No, it is neither of those things. It is an outgoing null surface--a surface made up of radially outgoing light rays (or the worldlines that such rays would follow if they were present--no actual light rays need to be present). In other words, in suitable global coordinates, an event horizon is a surface in which radially outgoing light rays stay at the same radial coordinate. Which, as I said in a previous post, means that your usual intuitions about how coordinates work are not valid. The radial coordinate at the horizon is no longer a "spatial" coordinate: it no longer labels a "place in space". It's a null coordinate, labeling the path of an outgoing light ray (or family of such rays). And the reason nothing can escape from an event horizon is that nothing can outrun a light ray, so if radially outgoing light rays stay at the same radial coordinate, anything else must fall inward, to smaller radial coordinates.

All of this applies just as well when two black holes merge: you just have to apply it along the surface of the trousers instead of a cylinder.

What would happen if two black holes collided?

Sorry if this has been covered before, but what world happen if two black holes collided? Would we be able to observe the collision? Recommended links for further reading. Thank you.
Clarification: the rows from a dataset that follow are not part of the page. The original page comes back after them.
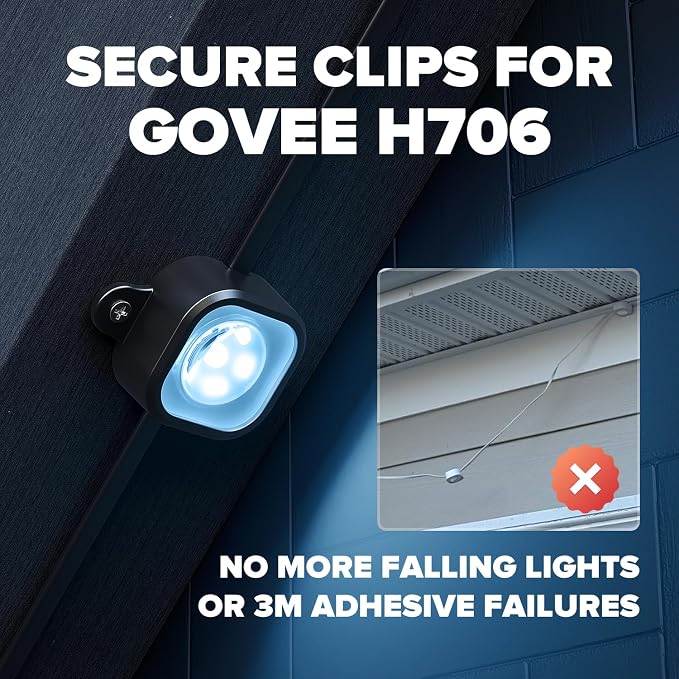 Vokelater 100Pcs Light Clips for Govee H706, Mounting Brackets Compatible with Govee Pro Permanent Outdoor Lights Extension, 200pcs Screws Secure Installation - Black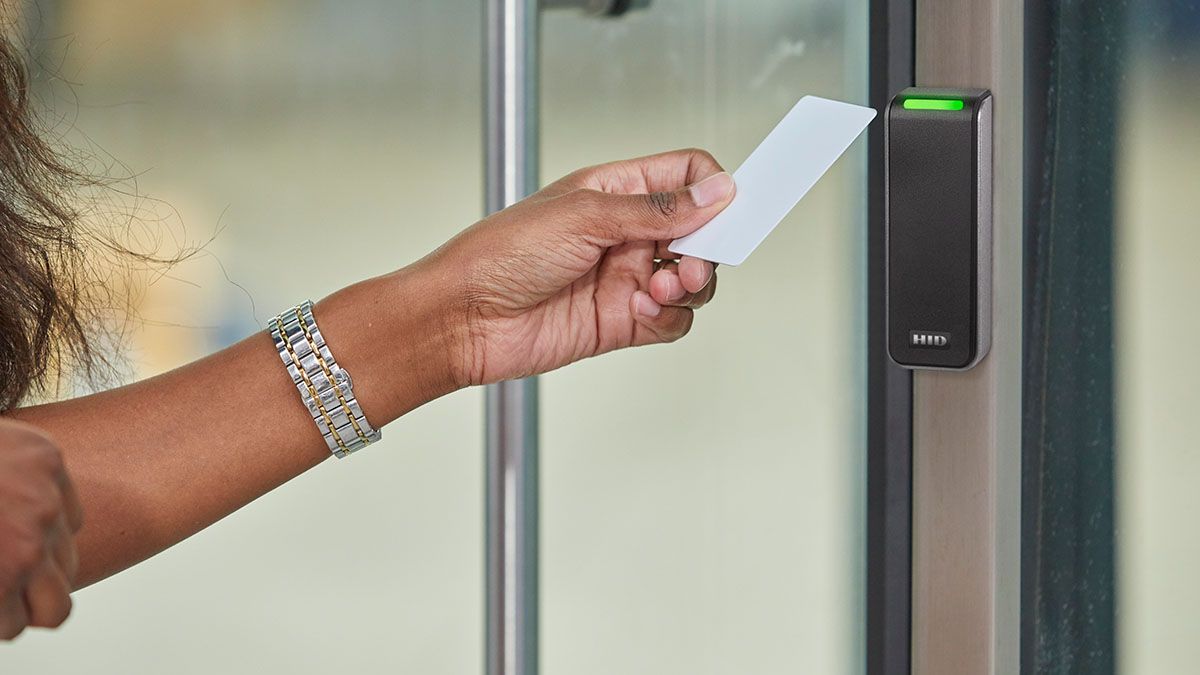 Credential card presented to an access control reader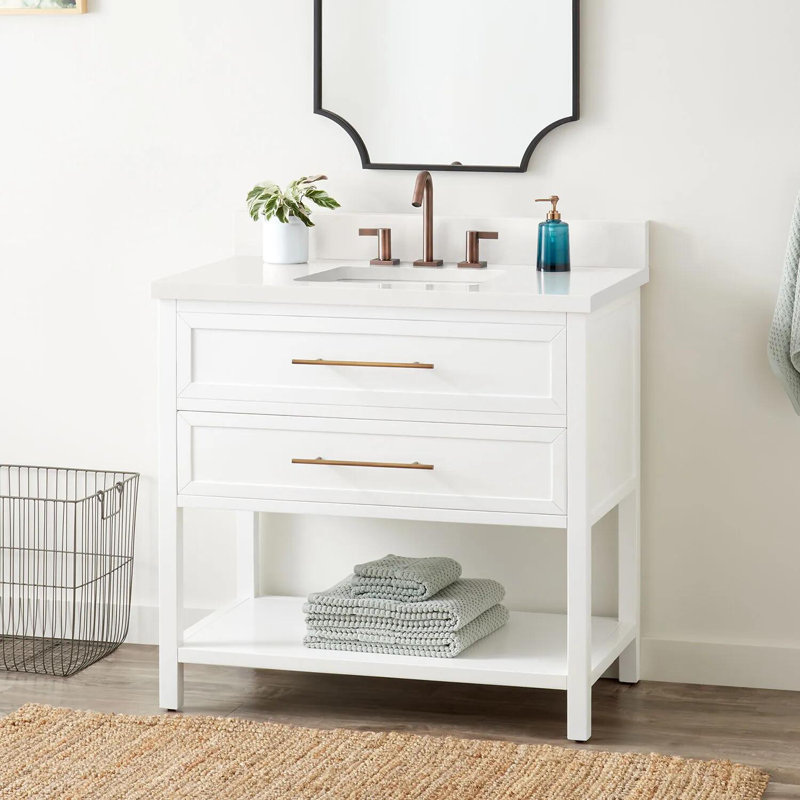 36" Robertson Single Bathroom Vanity Set with Rectangle Undermount Sink, Arctic White Quartz, 8" Widespread, White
I've answered a similar question here, but it's slightly different so I'll add a bit to it. We expect this to happen, but haven't actually observed it yet. A big reason is that all of our instruments are built to study electromagnetic waves (light). The problem is that black holes, by definition, don't allow light to escape, so that two black holes merging will have very little EM signature. It won't quite be zero, since there's bound to be some gas and dust in the vicinity, but too small for us to notice, especially given that this should happen rarely enough that we can only expect to see it in other galaxies during our lifetimes.

However, two black holes merging should be extremely loud in gravitational waves, which propagate at the speed of light and distort space-time as they move through. GWs are weak (gravity is by far the weakest of the 4 fundamental forces of strong, weak, EM, and gravity), so in order to detect them, we need extremely sensitive instruments. This is about where the other comment I linked to picks up.

However, two black holes merging should be extremely loud in gravitational waves, which propagate at the speed of light and distort space-time as they move through.

It's worth pointing out that, as I understand it, gravitational waves are still purely somewhat theoretical. edit: strong theoretical prediction with strong indirect evidence for their existence, just not yet directly observed We (generally speaking) expect them to exist, but we haven't gotten the instrumentation up and running yet capable of detecting them. There have been some large, space-based interferometers planned and others built, meant to detect gravitational waves, but so far they have eluded detection. However, this isn't problematic for theories depending on gravitational waves yet, because we haven't yet set up an instrument sensitive enough to conclusively expect to detect them. I believe that the current state of trying to detect gravitational waves puts them at "perhaps slightly on the weaker/smaller side of the range we expected to find them in".

I think it's fair to say that, realistically, we generally expect we will find them, and if they're significantly outside of the range we expect to see them (ie much smaller or less significant in impact), that is probably an avenue for interesting new physics - even more so if we don't see them at all.